## Experiment 1: The role of variable importance
 
  
  Why?

  To generate contrastive explanations we rearrange the data into neighbours and reference. Therefore, the variable importance 
  calculated by the GBDT regressor is divided into parts.

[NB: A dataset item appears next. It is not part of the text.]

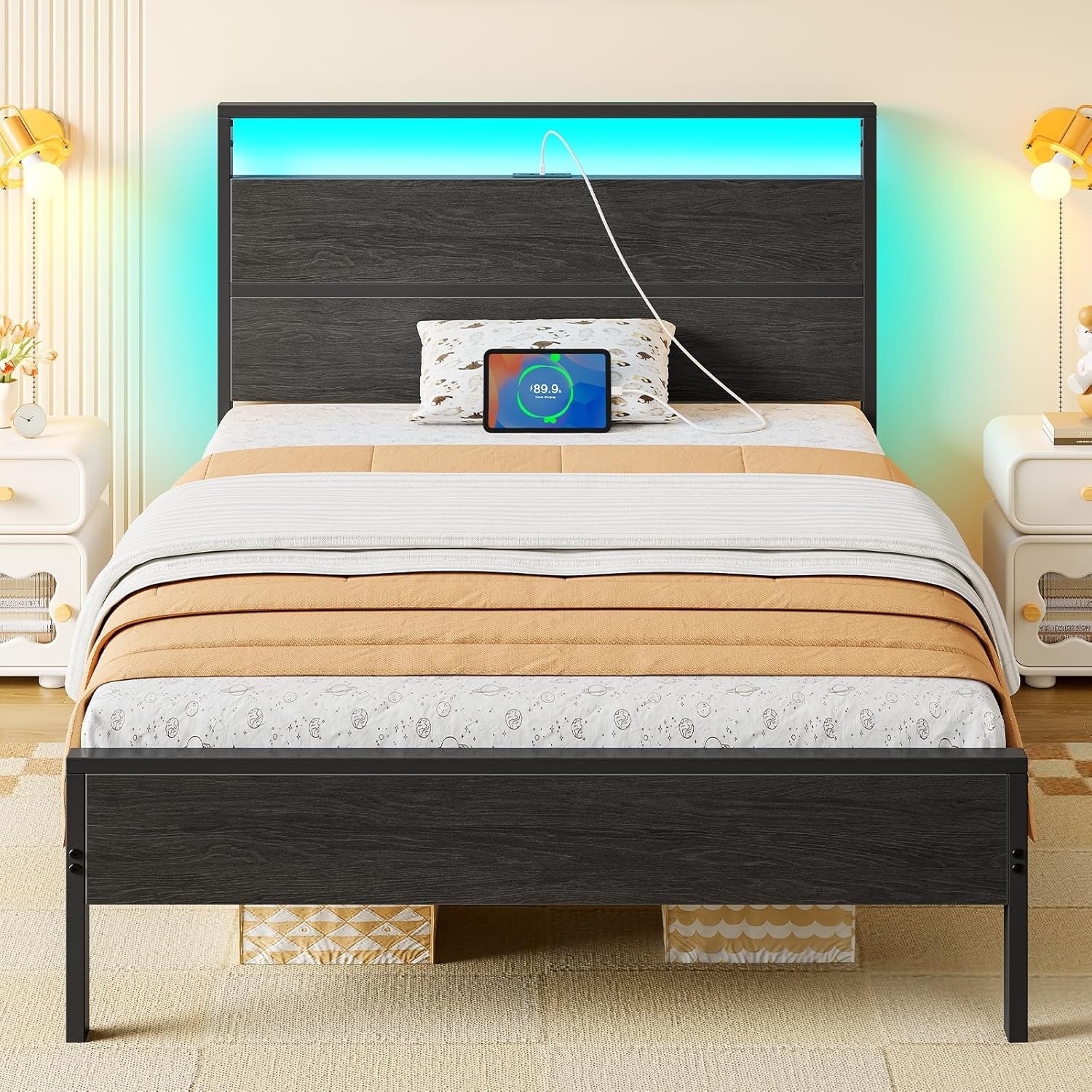 Twin Bed Frame with LED Lights, Charging Station, Storage, and RGB Light Control, No Box Spring Needed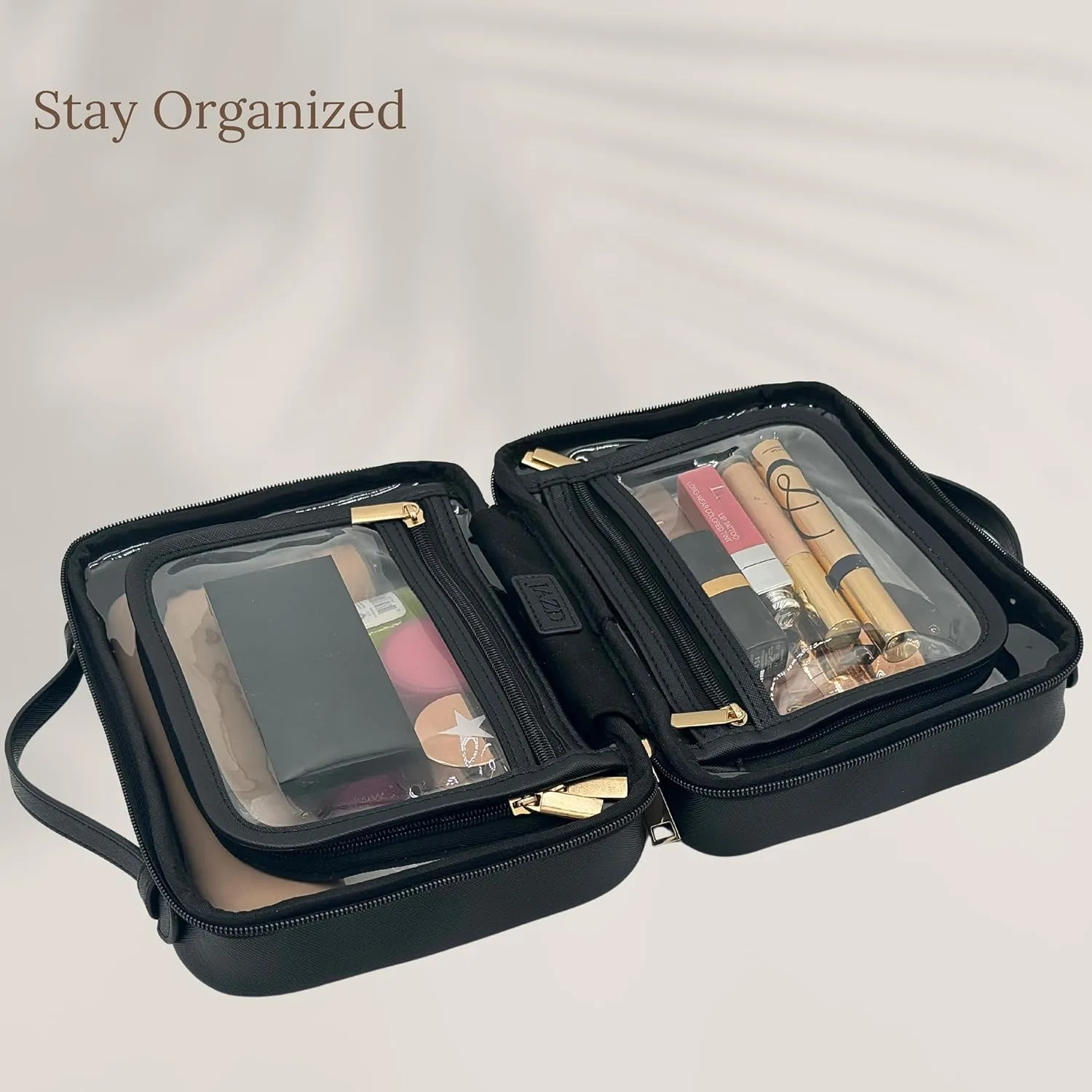 Clear Makeup Bag Toiletry Bag for Women Cosmetic Case Large Capacity Travel Make Up Bag Organizer Transparent Storage Compartment TSA Approved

Asumming that data do not have date or time variables, the importance
  vector can be written as $\mathbf{v} = [\mathbf{v^{neig}}, \mathbf{v^{ref}}]$.

  In this experiment we demonstrate that the method is able to accurately calculate the variable importance and moreover we
  can rearrange the importances as $\mathbf{v'}= \mathbf{v^{neig}} + \mathbf{v^{ref}}$ to facilitate interpretability.

  How?

  To demonstrate this, let us generate a linear model with 5 independent variables drawn from drawn from a uniform distribution $\textit{U}(0,1)$ and 500 samples.

  500 samples with

Linear model (no noise). 500 samples with 5 independent variables: $\mathbf{X} \in \mathbb{R}^{500 \times 5}$

    Dependant variable is a linear combination
    $\mathbf{w} = [13,9,6,1,0]$

    The variables of the model are the following: variable $\mathbf{x_1}$ is drawn from the standard uniform distribution $\textit{U}(0,1)$


In [2]:
import fcn_helpers as fhelp
import pandas as pd
import numpy as np
from contrastiveRegressor import contrastiveRegressor
from sklearn.model_selection import train_test_split
from catboost import CatBoostRegressor
import preprocessing_utils as pt
from os import path as _p
import datetime as dt

Define a linear model where the sales come from the product of the input variables and predefined weights

In [4]:
# Fake sales
experiment_label = 'linear_model'
num_samples = 500
num_features = 5
input_vars = [f'x_{idx}' for idx in range(1,num_features+1)]
input_data = np.random.rand(num_samples, num_features)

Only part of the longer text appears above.